Senza contare, poi, che la cultura “woke” sta regalando ai padroni del vapore un metodo quanto mai efficace di dividere i loro soggetti, attizzando fra loro perenne inimicizia e diffidenza. Alla sinistra (o almeno a quella parte di essa che ancora presta attenzione alle diseguaglianze sociali e al mondo del lavoro) vorrei chiedere: come immaginate di potere, in futuro, organizzare una protesta, un corteo, un’azione a carattere sindacale quando i lavoratori saranno già da tempo autoconfinati in gruppi distinti, contrapposti, talvolta ostili o ad ogni modo restii a collaborare per il bene comune (se pure questo concetto esisterà ancora …) e il risentimento reciproco avrà sostituito la solidarietà? In cui ovunque, ma soprattutto sul luogo di lavoro, la gente avrà smesso di esprimersi e di comunicare perché timorosa di offendere una delle tante categorie oppresse? Non si tratta di un’esagerazione: nei paesi soprattutto del mondo anglofono si afferma sempre più la tendenza, particolarmente marcata nelle scuole e nelle università, a richiudersi nella propria conventicola etnica, di genere, di orientamento sessuale, e vigilare su tutto quanto di dice e si fa, onde evitare guai anche gravi. Di questo autoisolamento ci si potrà forse rammaricare, ma è in fondo una scelta logica: se un uomo, un bianco, un eterosessuale, un non-trans (o “cis”) azzarda un commento o un gesto fino a poco fa considerato del tutto innocente, ma che oggi la cultura PC giudica alla stregua di un peccato mortale, e viene accusato di comportamenti discriminatori (con conseguenti ripercussioni sul piano lavorativo e anche sociale), la conclusione che ne trarrà, e che ne trarranno anche molti suoi colleghi, sarà che è meglio non avere che contatti minimi con quell’altro gruppo o gruppi, stare zitti e badare agli affari propri. E se c’è da unirsi per uno sciopero o una protesta: “chi me lo fa fare?”: tanto ci è stato spiegato che fra “noi” e “loro” non vi è alcuna comunanza di interessi … “Divide et impera”, dunque.

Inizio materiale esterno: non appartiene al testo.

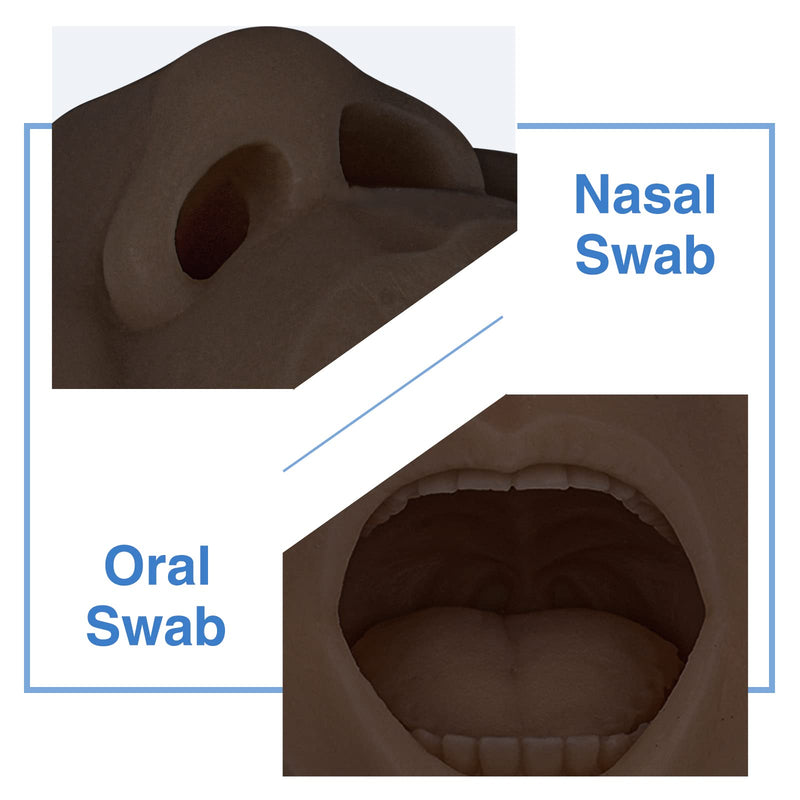 SimCoach Nasal Swab, Throat Swab Test Training Model, Swab Collection Simulator, Saliva Oral Swab, Acupuncture, Puncture Practice Model (Black) black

Un altro aspetto da non sottovalutare: lungi dal combattere efficacemente il sessismo, l’omo(trans)fobia, il razzismo, la censura e la minaccia di sanzioni non fanno che incoraggiare questi fenomeni. Se un’opinione è ritenuta sbagliata, il peggio che si possa fare è metterla fuori legge e costringerla alla clandestinità, perché in tal modo non verrà mai contestata e spinta a giustificarsi. Se una persona esprime in mia presenza un parere a mio giudizio errato, per non dire offensivo, posso rispondere “No, guarda che sbagli, e ti spiego perché …”, e magari in tal modo potrei indurre un ripensamento, ma se quella persona non mi conosce, non si fida di me e teme di venire denunciata se dice quello che pensa, le sue opinioni se le terrà per se e per i pochi amici che le condividono. Viene così a crearsi uno spazio autoreferenziale in cui non entra mai aria fresca e i discorsi fatti sempre e soltanto all’interno della propria cerchia rischiano di sfociare in posizioni ancora più estreme, alimentate fra l’altro dal rancore verso quei gruppi visti come privilegiati e immuni da ogni critica.

Rinuncia ormai esplicita alla difesa della libertà d’espressione, subordinazione acritica ai diktat ideologici del neocapitalismo, pseudoegualitarismo astratto e autoritario cui viene accordata la precedenza rispetto alla lotta al disagio sociale ed economico di vaste fasce di popolazione: sì, parliamo pure di bandiere ammainate. O magari, prendendo a prestito una delle formule più diffuse del gergo politicamente corretto, potremmo dire: diversamente di sinistra.